## Aim of the exercise
For this exercise, output exactly and only the lines running from the one with "1950s, Danish armchair" through the final line of the data below, without pictures.

Dataset Start Marker

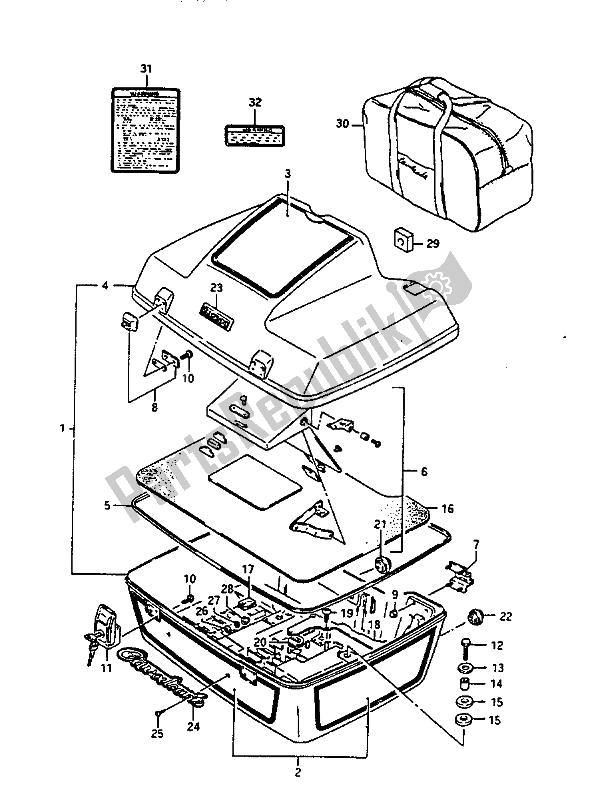 Todas las partes para Baúl De Viaje de Suzuki GV 1400 Gdgc 1987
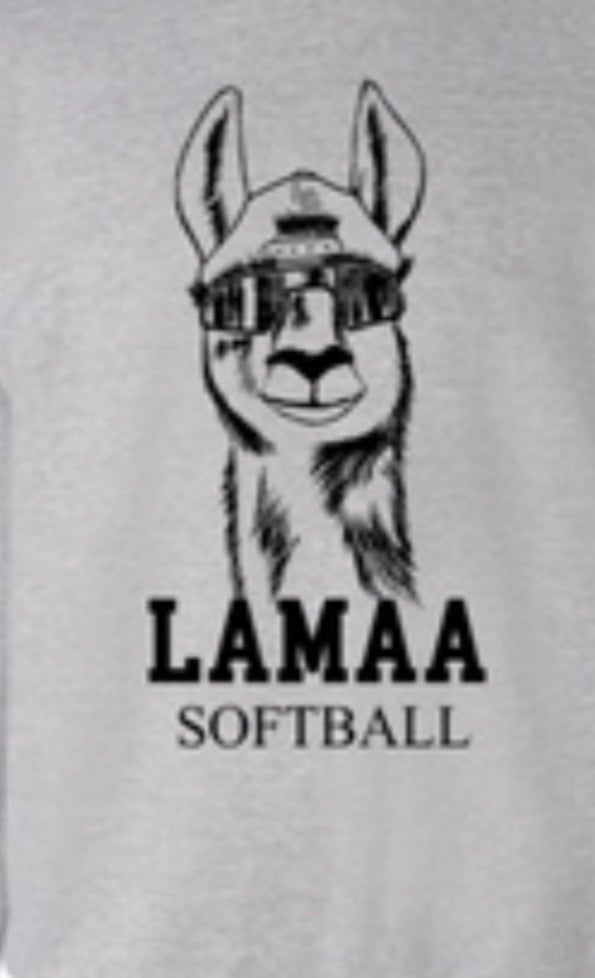 Adult Hoodie Steel Grey New Lama design Softball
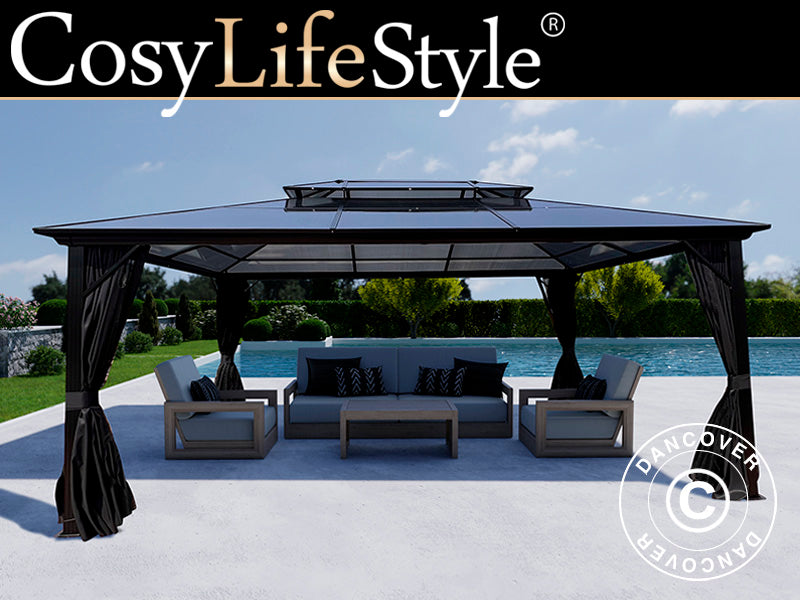 Gazebo Santa Ana Alu+ w/curtains and mosquito net, 3.65x4.85 m, Black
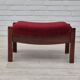 1950s, Danish armchair with footstool, furniture velour, ash wood.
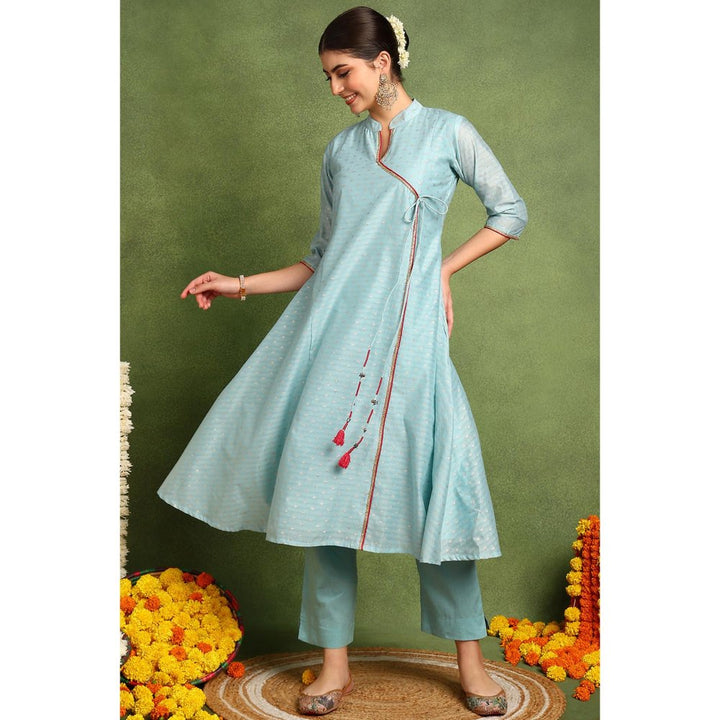 TAHILIYA Blue Khari Printed Chanderi Silk Angrakha Kurta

Dataset End Marker

## Response box
 1950s, Danish armchair with footstool, furniture velour, ash wood.
 TAHILIYA Blue Khari Printed Chanderi Silk Angrakha Kurta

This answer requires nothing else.